As longtime readers know, one of my hobbies is collecting Nigerian scam emails. This week, as is my annual habit, I’d like to share my pick for best Nigerian scam of 2011.
For those few of you with no idea what I’m talking about, the fabled “Nigerian scam” — now pushing 40 years old — originally involved handwritten letters and faxes soliciting help in moving a large sum of quasi–illegal cash out of some African country, usually Nigeria.
As technology advanced, faxes and letters turned to emails, and the purported geography of the writers became more disparate.
You, dear reader, have your heartstrings tugged as well as your wallet, in assisting to get the cash out of limbo in exchange for a promised cut. If you take the bait, you’ll be asked to forward increasing sums of cash to the writer to grease the wheels of corrupt native bureaucracy.
The emotional, guilt–inducing letters play on the stupidity, naivete, greed and even latent racism of the recipient. While I don’t condone the Nigerian scam’s illegality, I have no sympathy for fools who are parted from their money in this manner.
Despite their criminal intent, to me as a writer and editor these emails represent something increasingly rare and wonderful: Genuine creative writing, with an earnest dedication to craft that’s all the more poignant because we’ll never know the writers’ true identities.
Maybe the biggest irony is that in this age of text–speak and declining writing skills in the so–called “developed” world, scam email writers now possess what amounts to a state–of–the–art of grasp of exposition and dramatic effect.
Literary agents and editors, take note!
Unfortunately, in this Tweeting, value–shopping Walmart world we live in, the trend continues toward shorter scam emails.

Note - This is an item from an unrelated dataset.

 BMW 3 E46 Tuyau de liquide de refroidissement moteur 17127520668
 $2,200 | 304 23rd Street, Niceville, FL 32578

Like a Russian novel, a good Nigerian scam needs time to develop.
While I cannot claim that the overall level of the Nigerian scam across the board is back to golden age, pre-text and pre-Twitter heights, I did come across some fine examples in 2011, many courtesy of my number–one supplier, Jack Fitzgerald.
Like the blues or Shakespearean sonnets, the best scam emails follow a time–honored template. The genius of the writer comes through in how creative they get within the template.
This year’s winning scam email, while a little brief for my taste, purports to be from a sensitive young lady in Africa’s Ivory Coast named “Miss Esther Moses, the only Daughter of late Mr. Moses Igwe.”
A proper opening is vital. It must be compelling, and must combine the right amount of pathos with a note of humility for being so direct.
Here’s young Miss Moses’s intro:
I am very delighted to have you by my side. It is the only way I can get to you after going through your profile, considering my present situation in which I found myself into... I am an orphan being hereby begging you for your assistance. I lost my mother when I was just 6yrs and since then my father took me so special. But it is sad to say that he also pass away due to some three days sickness.
I’m hooked already! Didn’t take long.
Now we come to the integral portion of a true Nigerian scam email: What I call the “habeas corpus,” in which the writer paints a detailed picture of the exact amount of the cash sum as well as its physical location.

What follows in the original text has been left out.